Quando la Stregaccia arriva sul posto lo spettacolo che le si para davanti agli occhi, poco ci manca, che le provochi un coccolone. Quello scorbutico del Re se la ride della grossa seduto a gambe incrociate sull’erba tenendo in braccio Viola, che si diverte a tirargli la barba e a ridere. La risata cristallina della bimba piccina si mischia a quella più gutturale del pastore barbuto. Viola gli racconta chissà quali favole, con tutta probabilità quelle favole che per tanti giorni ha immaginato puntando gli occhietti voraci al cielo. Pecorelle e caprette, oramai non più timorose, brucano in santa pace intorno ai due personaggi, mentre Halcol un po’ geloso della nuova amicizia della sua padroncina non disdegna di fingersi offeso scuotendo ora la testolina ora il sederino pizzuto. Seppur a malincuore la Stregaccia depone le armi, cioè il bastone nodoso di frassino che intendeva rompere sulla testaccia del Re. Poi anche lei si unisce al coro delle risa con la sua vocetta stridula.

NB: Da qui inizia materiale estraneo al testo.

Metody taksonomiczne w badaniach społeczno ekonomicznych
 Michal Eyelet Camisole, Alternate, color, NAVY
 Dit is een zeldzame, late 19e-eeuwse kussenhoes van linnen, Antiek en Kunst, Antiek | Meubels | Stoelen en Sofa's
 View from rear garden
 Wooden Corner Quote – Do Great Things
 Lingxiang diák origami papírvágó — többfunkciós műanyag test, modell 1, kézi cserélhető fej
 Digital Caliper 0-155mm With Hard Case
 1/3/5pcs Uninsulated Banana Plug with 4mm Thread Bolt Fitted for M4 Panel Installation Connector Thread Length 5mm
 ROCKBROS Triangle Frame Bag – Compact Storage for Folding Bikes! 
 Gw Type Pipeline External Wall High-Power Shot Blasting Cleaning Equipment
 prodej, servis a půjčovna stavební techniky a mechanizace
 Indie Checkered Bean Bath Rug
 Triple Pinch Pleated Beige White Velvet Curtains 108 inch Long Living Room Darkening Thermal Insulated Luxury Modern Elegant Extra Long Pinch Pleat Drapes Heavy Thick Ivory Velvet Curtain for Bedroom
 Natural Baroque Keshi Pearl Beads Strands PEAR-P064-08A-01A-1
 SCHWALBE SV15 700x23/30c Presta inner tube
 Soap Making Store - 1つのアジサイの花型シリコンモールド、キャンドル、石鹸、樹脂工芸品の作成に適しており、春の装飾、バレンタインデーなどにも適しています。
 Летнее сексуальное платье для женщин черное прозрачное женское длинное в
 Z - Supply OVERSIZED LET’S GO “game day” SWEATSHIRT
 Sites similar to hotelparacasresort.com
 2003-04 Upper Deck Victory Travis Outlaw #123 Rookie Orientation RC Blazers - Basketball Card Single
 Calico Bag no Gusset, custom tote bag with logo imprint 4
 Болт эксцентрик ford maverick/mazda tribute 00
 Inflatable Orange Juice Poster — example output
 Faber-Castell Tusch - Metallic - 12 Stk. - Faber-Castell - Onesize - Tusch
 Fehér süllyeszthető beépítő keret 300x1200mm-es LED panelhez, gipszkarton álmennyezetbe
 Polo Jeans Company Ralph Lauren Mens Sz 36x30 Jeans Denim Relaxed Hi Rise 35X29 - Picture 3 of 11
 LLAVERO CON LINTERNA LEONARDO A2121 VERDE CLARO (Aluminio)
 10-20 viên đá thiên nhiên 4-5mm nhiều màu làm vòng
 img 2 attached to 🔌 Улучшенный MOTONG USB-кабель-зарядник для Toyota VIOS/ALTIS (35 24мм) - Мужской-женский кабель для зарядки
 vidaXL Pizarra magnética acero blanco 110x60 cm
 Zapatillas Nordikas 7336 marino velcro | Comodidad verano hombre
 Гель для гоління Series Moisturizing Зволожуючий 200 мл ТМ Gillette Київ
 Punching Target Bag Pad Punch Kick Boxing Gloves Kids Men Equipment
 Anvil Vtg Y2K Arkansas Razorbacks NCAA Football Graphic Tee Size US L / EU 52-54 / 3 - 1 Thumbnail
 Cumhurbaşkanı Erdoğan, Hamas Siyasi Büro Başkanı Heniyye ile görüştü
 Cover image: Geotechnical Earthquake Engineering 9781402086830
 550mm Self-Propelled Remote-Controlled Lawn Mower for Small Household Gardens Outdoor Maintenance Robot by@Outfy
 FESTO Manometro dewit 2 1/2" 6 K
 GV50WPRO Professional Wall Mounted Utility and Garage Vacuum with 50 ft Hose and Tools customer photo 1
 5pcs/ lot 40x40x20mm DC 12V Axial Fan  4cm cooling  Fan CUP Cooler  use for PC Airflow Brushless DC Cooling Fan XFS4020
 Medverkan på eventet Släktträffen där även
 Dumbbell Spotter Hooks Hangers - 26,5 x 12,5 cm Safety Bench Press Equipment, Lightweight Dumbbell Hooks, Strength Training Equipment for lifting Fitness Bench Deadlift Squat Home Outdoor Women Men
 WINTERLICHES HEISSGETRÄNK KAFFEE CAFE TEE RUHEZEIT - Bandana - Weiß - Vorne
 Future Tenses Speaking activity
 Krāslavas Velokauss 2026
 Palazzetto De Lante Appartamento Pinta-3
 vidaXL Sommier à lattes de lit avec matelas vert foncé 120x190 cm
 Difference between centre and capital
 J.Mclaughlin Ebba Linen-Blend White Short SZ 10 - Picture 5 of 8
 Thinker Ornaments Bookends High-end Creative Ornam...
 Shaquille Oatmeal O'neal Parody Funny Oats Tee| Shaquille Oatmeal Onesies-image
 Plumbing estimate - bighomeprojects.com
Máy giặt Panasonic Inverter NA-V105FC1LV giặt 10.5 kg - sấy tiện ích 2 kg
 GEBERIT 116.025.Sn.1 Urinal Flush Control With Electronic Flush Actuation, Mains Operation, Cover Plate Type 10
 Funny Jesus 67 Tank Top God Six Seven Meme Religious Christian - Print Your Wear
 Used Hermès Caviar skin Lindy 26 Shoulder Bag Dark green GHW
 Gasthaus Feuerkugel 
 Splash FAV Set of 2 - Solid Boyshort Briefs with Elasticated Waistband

Chi oggi va a trovare la Pastorella scalza prima incontrerà nel suo giardino un tipo alquanto strano che armato di falcetti e forcone cura le piante al pari d’un perfetto giardiniere. Un tempo era conosciuto per essere il Re degli Orsi, e ancor oggi è un Re però estraneo alla politica, con la testa spesso persa fra le nuvole. Viola si diverte insieme al Re a inventare storie e filastrocche, che in un secondo momento mettono per iscritto sul loro diario, il Grande Libro Mastro. Qualche volta la Stregaccia viene invitata a cenare insieme a loro e tutti insieme ridono e brindano alla vita non senza aver prima pregato e ringraziato come si conviene il Signore Iddio.